En droit international, le déplacement illicite d’enfant est l’enlèvement d’un enfant par l’un de ses parents au-delà d’une frontière. Il s’agit hélas d’un délit qui se répand, au fur et à mesure que le nombre de couples mixtes – et donc de divorces transnationaux – augmente. Divers textes internationaux, et notamment la Convention de la Haye et le règlement européen Bruxelles II bis, sont censés organiser le règlement de tels litiges et permettre le retour de l’enfant dans son pays de « résidence habituelle ». Mais cela est loin de suffire à apaiser certains conflits parentaux particulièrement violents. Un déplacement illicite est le tragique aboutissement de l’incapacité des parents à s’accorder sur un droit de garde et de visite équilibré, dans les cadres fixés par le droit national et international.

Il me semble essentiel de garder en tête ce lien étroit entre la capacité à faire respecter ses droits de parent dans un pays donné et l’acte de l’enlèvement parental. Car si dans certains cas on assiste bel et bien au coup de force d’un parent décidant de soustraire l’enfant à l’autre pour le ramener dans son propre pays, dans d’autres cas certains parents commettent un déplacement illicite par méconnaissance du droit, sans se rendre compte de la gravité de leur acte, ou bien par désespoir de se voir reconnaître le moindre droit parental dans le pays de résidence habituelle de son enfant.

L’application « froide » et « technique » du droit fait parfois des ravages car in fine, c’est en fonction de l’intérêt supérieur de l’enfant qu’il faudrait pouvoir trancher. L’intérêt supérieur de l’enfant, et en particulier son droit d’entretenir des contacts avec ses deux parents, inscrit dans la Charte des droits fondamentaux de l’Union européenne, devrait être placé au-dessus des autres règles déterminant le droit de garde ou de visite.

Si le cadre légal international a le mérite de permettre aux autorités de prévenir et réprimer les déplacements illicites, il laisse, en pratique, une marge d’interprétation et de mise en œuvre importante, d’où des politiques en matière de maintien du contact de l’enfant avec ses deux parents très fluctuantes d’un pays à l’autre. Tout en respectant l’indépendance de la justice et la souveraineté des Etats, il est essentiel que notre gouvernement et notre administration s’investissent pour mieux informer et épauler leurs ressortissants qui sont confrontés à de tels drames et s’impliquent pleinement dans le développement du droit  international et européen de la famille, encore trop embryonnaire et hétérogène.
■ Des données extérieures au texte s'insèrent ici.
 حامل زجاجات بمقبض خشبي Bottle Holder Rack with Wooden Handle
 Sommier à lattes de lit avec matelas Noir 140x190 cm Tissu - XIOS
Pour ce faire, j’estime que tous les acteurs (juges, avocats, autorités parentales, agents consulaires) gagneraient à être davantage sensibilisés aux enjeux de la détermination de l’autorité parentale à l’international et de la spécificité de sa déclinaison dans divers pays. J’avais ainsi demandé dès 2007 à ce qu’une formation en droit international de la famille soit délivrée à l’école de la magistrature à ce que soient nommés dans toutes les cours d’appel un magistrat compétent en matière de déplacements internationaux d’enfants.

De même je trouve dommage que l’autorité centrale française limite son rôle à celui de courroie de transmission de dossiers aux autorités étrangères, alors qu’elle pourrait avoir un rôle beaucoup plus actif dans l’accompagnement et le conseil des familles. Il semble que certains pays, comme les États-Unis ou l’Allemagne, aient mieux réussi que la France à établir autour des parents concernés un réseau d’entraide et de soutien. Le fait que des familles aient perdu toute confiance dans la capacité de la France de les accompagner est parfois un véritable « pousse-au-crime »…

La suppression de l’autorisation de sortie du territoire pour les mineurs par une circulaire du 20 novembre 2012 est, un autre exemple concret de la responsabilité étatique en matière de prévention des déplacements illicites : elle a permis à tout mineur de quitter le territoire français sans être accompagné de ses parents et sans même exiger que ces derniers ne soient simplement informés. Heureusement, une proposition de loi de Marc Le Fur pour la rétablir a récemment été votée à l’Assemblée nationale pour la rétablir, et devrait être très prochainement discutée au Sénat.